Rethinking “Workaholism”

Working | Playing

Recently, Lauren wrote a really great piece on “The Balance Matrix” – a struggle many of us share, and something I’ve been working hard on my whole professional life. Reading it made me start to re-examine some of my childhood experience.

My parents were (are now really, despite being at least nominally semi-retired) workaholics – they worked, really, all the time. They got up early, went to work, came home, ate food, went back to work. I went to bed and still they’d work. They worked on weekends. They travelled for work. They worked when they travelled. Both my parents are phenomenally successful, and leaders in their respective fields – but boy did they ever work hard to get there.

At the back of our house was a sort of solarium, the sun room we called it. My dad, mostly, worked there. We had a glass-topped table and he would sit at, idly nibbling at the eraser of a yellow HB pencil or a gently pinching his lower lip between his thumb & fingers. He’d be hunched – either forwards, leaning over the table, or back, his right leg cross over his left. In either case, most of the time there’d be several piles of printed documents – journals, study results, his own data – spread over the table. To one side would be his dictaphone. But his focus was always on a lined yellow pad of paper. He’d furiously write away on that, turn a page. He never seemed to go back – he’d just write. I suspect he was constantly writing in his head prior. When he was satisfied, he’d dictate what he wanted to say and someone in the dictation pool at the hospital would later type it up. In more recent times, of course, much of  this would be replaced by his laptop. But not the yellow-lined pad of paper, nor the alternately leaning hunch.

My mother, by contrast, always hid herself away to work. Once my sister moved out, she took over her room and that became her office where she would while away the night, busy writing, researching, thinking, quietly muttering to herself. As a teenager, many a night would I carefully sneak home in the dead of night only to discover that my mum was still up working. Some of that may have been parental worry about her wayward young son, but she’d be up that late nights I was home too.

What’s curious is that although my father worked in a public spot, his work was much more mysterious to me than Mum’s – she would think out loud, talk about her work with us all – I suspect as much to help formulate her own thoughts as to share – while Dad was simply quietly efficient, back there in the sun room.

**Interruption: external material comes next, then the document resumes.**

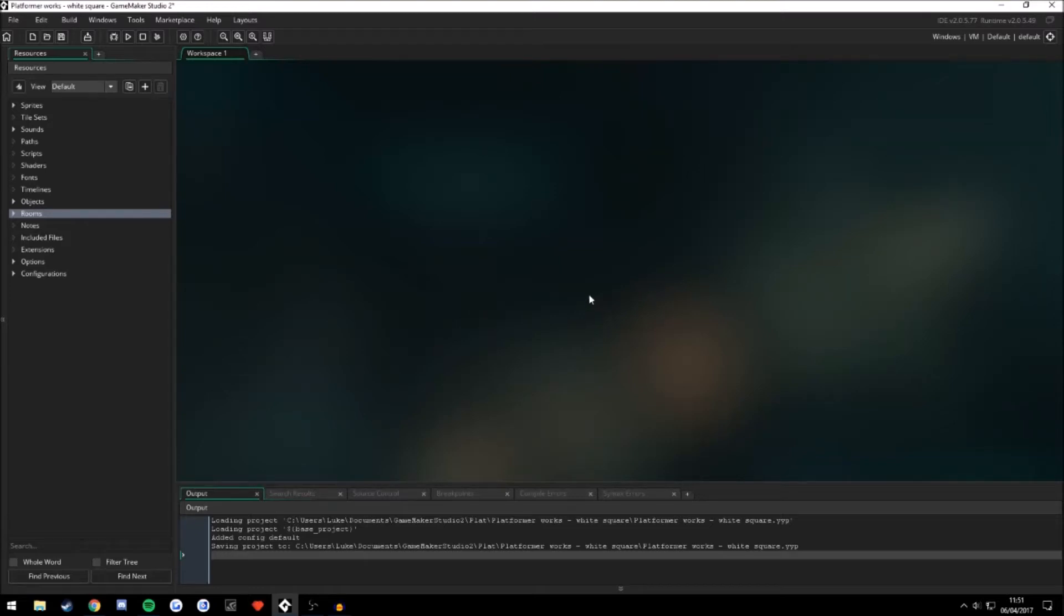Hello everybody, this is Downspart here. Today I'll be showing you a quick tutorial for my first video on how to add a background into GameMaker Studio 2.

I swore, as I got older, that I would never be like them. I hated that they always worked, and I thought it a terrible life that I wanted nothing to do with. I loved the idea of indolent evenings spent with my family playing, sharing, living.

But a fun thing happened on the way to the coliseum….

I discovered that I have incredible work ethic – like my parents. I discovered that I too prefer to work in long, straight, deeply-focussed bouts – like my parents. I discovered that I too have immense ambition and drive to succeed – like my parents. I discovered that I too love what I do, and it’s not really work when you love it that much – like my parents.

But I still, even when I want to – try really hard to not bring work home, to not work evenings, to stop and truly experience my own children’s youth. And so I don’t work at home in the evenings. Liam, now in grade 3, is starting to have regular homework – somewhere between 30 & 60 minutes worth 3 days a week. And you know what? it’s a struggle to get him to do it. My sister, who shares many work traits with myself and my parents, doesn’t work at home either. And you know what? it’s a struggle for her to get her kids to do their homework. But, despite all my slacker tendencies at school (sat at the back, never took notes, etc), I always did my homework. It’s just what we did at home – we did our work.

And so, now, I look back at my parents long work hours and don’t just see workaholics chained to their desks. I see amazing parents who not only wanted to succeed, but wanted their children to succeed and modelled how to manage time, how to prioritize work – and most importantly, how to work. I see parents who showed their children how to have a career you love and children you love and work hard at both.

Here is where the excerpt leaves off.